A Sacramento judge this week is preparing to throw out a lawsuit alleging the state Lottery engaged in what amounted to deceptive advertising, but beneath the surface, questions about the fairness of the lottery’s Scratcher games linger.

The problem, as the lawsuit alleged and the Lottery Commission admits, is that Scratcher game tickets were sold after all the top prizes were gone.

Over the 15-year history of the game, the lottery took in $892,000 from 11 games where tickets were sold after all the top prizes were awarded.

While lottery officials say they have implemented a number of reforms after first learning of the problems in April 2001, they acknowledge they didn’t foresee what happened.

“Barrels of Bucks,” for example, was one of the games in which tickets were sold after the top prizes were awarded. The game, introduced in August 1997, carried a top prize of $5,000. The last of the nine $5,000 awards was claimed Nov. 18, 1999, but the commission continued to sell tickets until Aug. 1, 2000, collecting another $16,000.

At the time, those managing the games did not consider the number of top prizes available when deciding when to stop a game.

Given the way games are printed, officials said they doubted that all the top price tickets would be sold before they stopped the game.

“We should have been monitoring it,” said Jim Hasegawa, the lottery’s director of marketing.

In a lawsuit filed in October 2000, Amy Stanley, a San Francisco teacher, accused the state of selling her and thousands of Californians instant win Scratcher tickets with no chance of winning the big prize.

Stanley’s lawsuit said that she and others would not have played the games if they knew the games’ selling point – the top prize – had been won and claimed.

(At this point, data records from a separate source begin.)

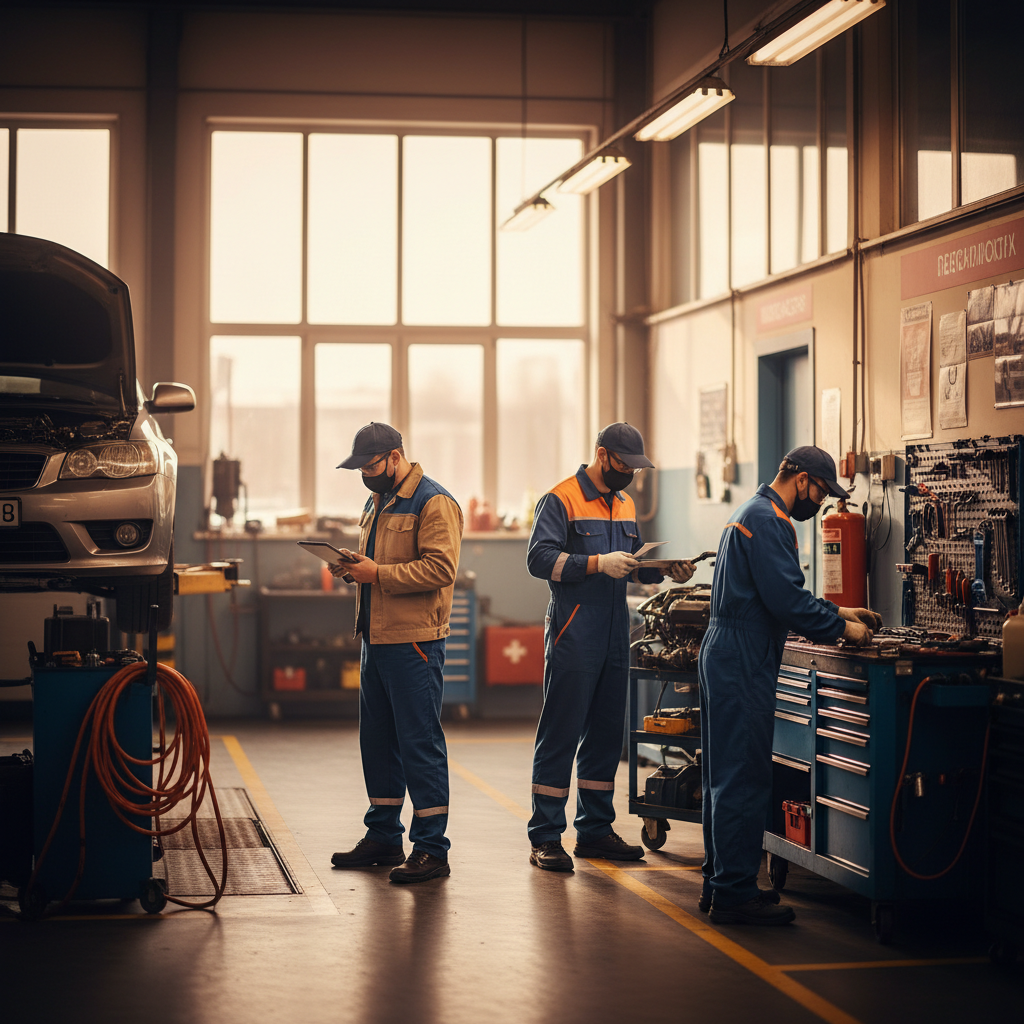 FAQ DUERP automobile : réponses aux questions fréquentes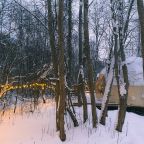 Коттедж (Геокупол Люкс 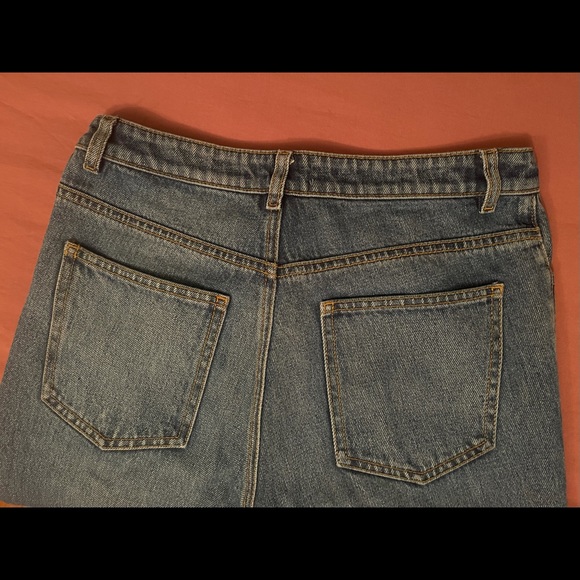 ALC High Rise Boot Leg Denim Jeans (Size 4) - Picture 5 of 6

“If the poster says, ‘Win a Harley Davidson’ and all the Harley Davidsons have been won, your chance of winning a Harley Davidson is zero,” said Tracey Buck-Walsh, one of three lawyers representing Stanley.

In a tentative ruling expected to become final later this week, Superior Court Judge Ronald Robie said the law compelling the lottery to adhere to fair business rules common in the public sector allowed some discretion. He didn’t comment on the lottery’s practices or whether it improperly advertised its games.

But critics say the gaffes erode the reputation of the lottery.

“The integrity of the entire lottery process has been called into question,” said Harvey Rosenfield of the Foundation for Taxpayer and Consumer Rights. “The public would be shocked to learn they may have bought a lottery ticket in a game they have already lost.”

Scratcher tickets are printed and distributed in bundles of tickets, with each bundle including an equal number of each prize level winners. So while it is unlikely that the first ticket sold from the last bundle printed and distributed would be the winning ticket, it is possible.

And because there is only one top prize in each bundle and each is distributed as needed, critics of the process argue that there is a chance throughout the course of the game that a top prize has been won and a new bundle of tickets is not yet in stores.

In a theoretical sense, the odds of winning the big prize is the same from the first ticket to the last ticket, said Allan Fenech, associate professor of statistics at the University of California, Davis.

If the same Scratcher game were played, but all the tickets were bought at the same time and all of the scratching took place at the same time, few would have a problem with the game, Fenech said. The “psychological” problem arises when winners emerge before the last ticket is sold, he said.

The lottery now says it is monitoring the number of top prizes available on a daily basis. Once they see that only one or two top prizes remain available, they say they begin the four-week process for ending the game.